Se citan reducciones puntuales de producción en otros países como si fueran extrapolables a España, sin explicar que el diseño de la refrigeración cambia mucho de una central a otra. Ascó, Cofrentes y Trillo disponen de torres de refrigeración que enfrían el agua antes de devolverla al río. Almaraz utiliza el embalse de Arrocampo como circuito prácticamente cerrado y Vandellós II emplea agua de mar, cuya enorme capacidad térmica facilita la disipación del calor residual.
Como ocurre en cualquier central térmica, el aumento de la temperatura del agua en verano reduce ligeramente el rendimiento del ciclo termodinámico y puede traducirse en una pequeña pérdida de eficiencia. Ese efecto forma parte del funcionamiento normal de la instalación y, en España, no ha provocado paradas de reactores ni pérdidas relevantes de producción.
Las limitaciones aparecen sobre todo en centrales que captan agua directamente de un río y la devuelven sin pasar por torres de refrigeración. Cuando el caudal es bajo o la temperatura del agua aumenta demasiado, puede ser necesario reducir temporalmente la potencia para proteger el ecosistema acuático y cumplir la normativa ambiental. La seguridad del reactor nunca está en cuestión.
EDF ha reconocido que el impacto anual de estas reducciones en Francia representa menos del 0,3 % de toda su producción nuclear, una cifra prácticamente irrelevante que, sin embargo, cada verano se convierte en titulares alarmistas.

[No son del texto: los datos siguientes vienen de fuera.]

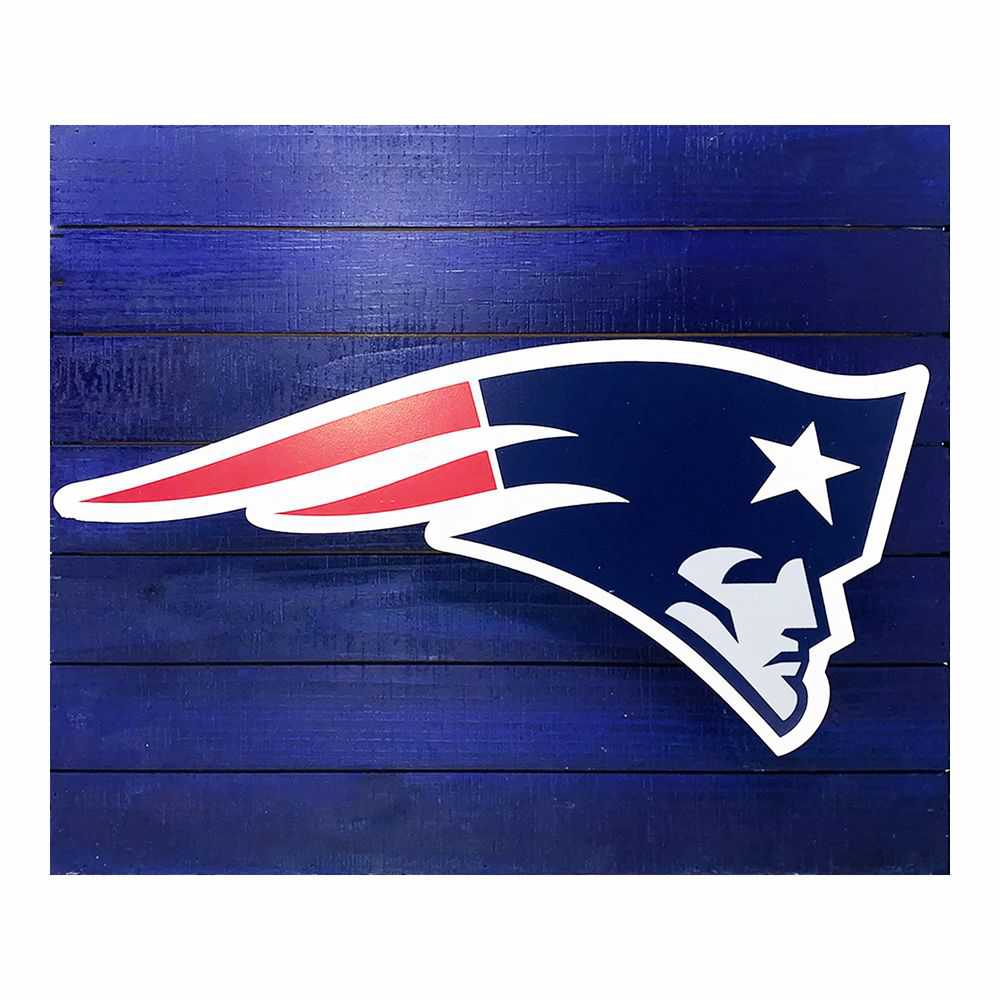 New England Patriots 3D Lit Wall Sign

La solución técnica existe desde hace décadas y consiste esencialmente en instalar torres de refrigeración. Requieren inversión y consumen una pequeña parte de la energía generada, por lo que solo compensan cuando el coste de las pérdidas ocasionales supera el de construirlas. España ya resolvió ese problema allí donde era necesario, incorporando torres de refrigeración o sistemas equivalentes.
Quien crea que el calor extremo hace inviable la energía nuclear debería mirar a Palo Verde, en Arizona (en la imagen). Es una de las mayores centrales nucleares de Estados Unidos y opera con tres reactores en pleno desierto, lejos del mar y sin un gran río o lago para refrigerarse. Utiliza aguas residuales tratadas procedentes de ciudades cercanas y un gran sistema con nueve torres de refrigeración, demostrando que el verdadero límite no lo marca el calor, sino el diseño del sistema de refrigeración de cada central.